Now go and find yourself yours or Mrs Davejs wooliest item - not her best cashmere, for crying out loud! rolleyes Then sit yourself down, don't do it standing cos your legs might give out. Right, now shove a load of it in your mouth!!
EEwwwwwwwwwwwwwwww disgusting!!!!!
Dunno what its done to you, but I'm running round me front room here, with me toes curled up to the heal. The wool absorbs every drop of moisture in your mouth Ok now chew the woolly item, rub it between your teeth and it squeaks ewwwwwwwwwwww
There see what I mean! Now you can go back to your rhubarb leaf and never do it again!
MissChief - Teeth in agony and toes curled permanently confused

Out of interest does someone chewing cotton wool have the same effect?
Quote by easy
Out of interest does someone chewing cotton wool have the same effect?

smile
At the risk of hijacking my own thread...
Thank you passionkiss to everyone for their 'welcome backs' and hellos.
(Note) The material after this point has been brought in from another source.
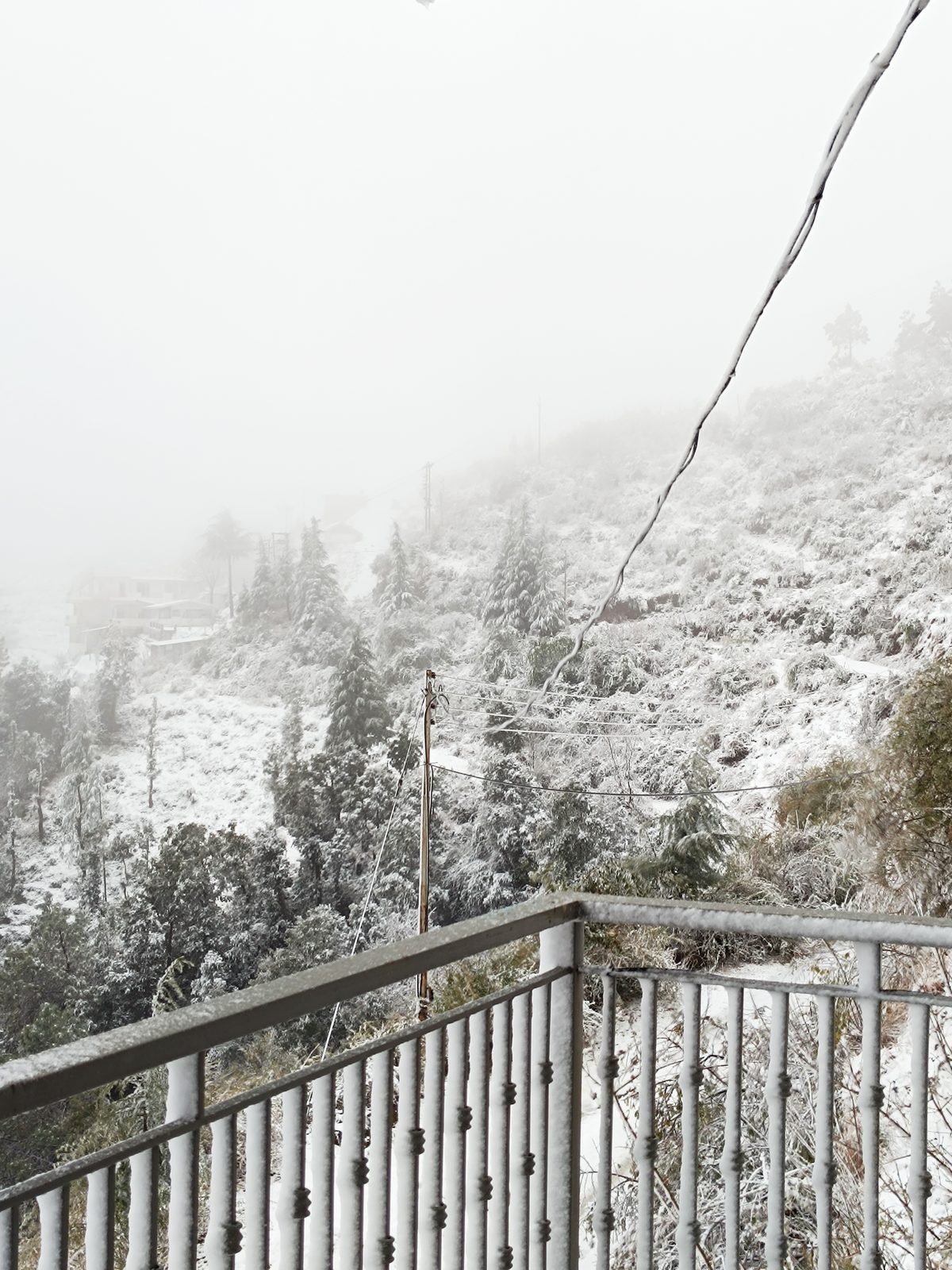 View from a Windmill Inn balcony across a snow-covered hillside and foggy valley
I was so afraid nobody would notice! redface
Sappho xxx
OK MISSCHIEF !!
Try this for size: A cardigan licking ghost spider
:eeek: :eeek: :eeek:
Quote by Sgt Bilko
Try this for size: A cardigan licking ghost spider

You Bastard!!!!!!!!!! I was just about to go to bed n all!!!!! :lol2:
May your dreams be filled with giant mushrooms and may they be smellavision dreams! (might need mushroom eating MrsBilko for that last bit lol )
Quote by MISSCHIEF
(might need mushroom eating MrsBilko for that last bit lol )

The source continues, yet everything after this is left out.